Hint: Don’t let somebody else determine your behavior.
“Keep what is worth keeping and with the breath of kindness blow the rest away,” wrote English novelist, Dinah Mulock Craik.
Hint: Here’s to making more opportunities to play, laugh, celebrate, and “say it better” in cultivating kindness as life’s genuine “keeper.” Life contains few absolutes, and one of those few is that kindness usually cultivates connection, something we yearn for in a time-pressed, ear-to-the- cell-phone, relationship-diminished culture. After all, the heart can be our strongest muscle if we exercise it regularly. Yet being kind is not a guarantee of safety from hurt — nothing offers that failsafe comfort.
“Kindness and intelligence don’t always deliver us from the pitfalls and traps: there are always failures of love, of will, of imagination. There is no way to take the danger out of human relationships,” wrote Barbara Grizzuti Harrison in an article for McCall‘s magazine way back in 1975. Years ago from my college classmate, Alasi Perdanan, I heard a Persian proverb, “With a sweet tongue of kindness, you can drag an elephant by a hair.”
Boost Your Capacity To Be Kind by Absorbing These Insights
“Constant kindness can accomplish much. As the sun makes ice melt, kindness causes misunderstanding, mistrust, and hostility to evaporate,” wrote Albert Schweitzer.
“He who sows courtesy reaps friendship, and he who plants kindness gathers love,” wrote the Greek religious leader Saint Basil.
Kindness is often unspoken. “An eye can threaten like a loaded and leveled gun, or it can insult like hissing or kicking; or, in its altered mood, by beams of kindness, it can make the heart dance for joy,” wrote Ralph Waldo Emerson. At another time, Emerson wrote, “You cannot do a kindness too soon, for you never know how soon it will be too late.”
“You may be sorry that you spoke, sorry you stayed or went, sorry you won or lost, sorry so much was spent.
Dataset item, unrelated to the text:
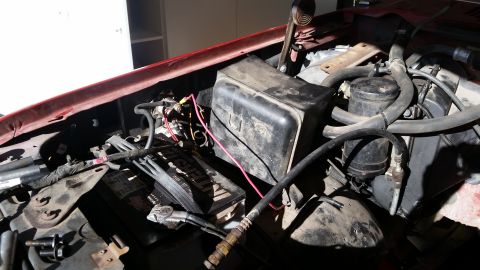1985 Ford Bronco - Close-up view of a vehicle's engine bay, showing various components and wiring.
But as you go through life, you’ll find — you’re never sorry you were kind,” said Herbert Prochnow.
“Life is made up, not of great sacrifices or duties, but of little things, in which smiles and kindness and small obligations win and preserve the heart,” said English chemist Humphrey Davy.
“We cannot tell the precise moment when friendship is formed. As in filling a vessel drop by drop, there is at last a drop that makes it run over. So in a series of kindness there is, at last, one which makes the heart run over,” once wrote the Scottish lawyer and biographer, James Boswell.
“We are told that people stay in love because of chemistry, or because they remain intrigued with each other, because of many kindnesses, because of luck . . . But part of it has got to be forgiveness and gratefulness,” wrote renowned columnist Ellen Goodman.
“When kindness has left people, even for a few moments, we become afraid of them, as if their reason has left them,” warned Willa Cather. “Write injuries in sand, kindnesses in marble.” ~ French proverb
“Kindness is in our power, even when fondness is not.” ~ Dr. Samuel Johnson.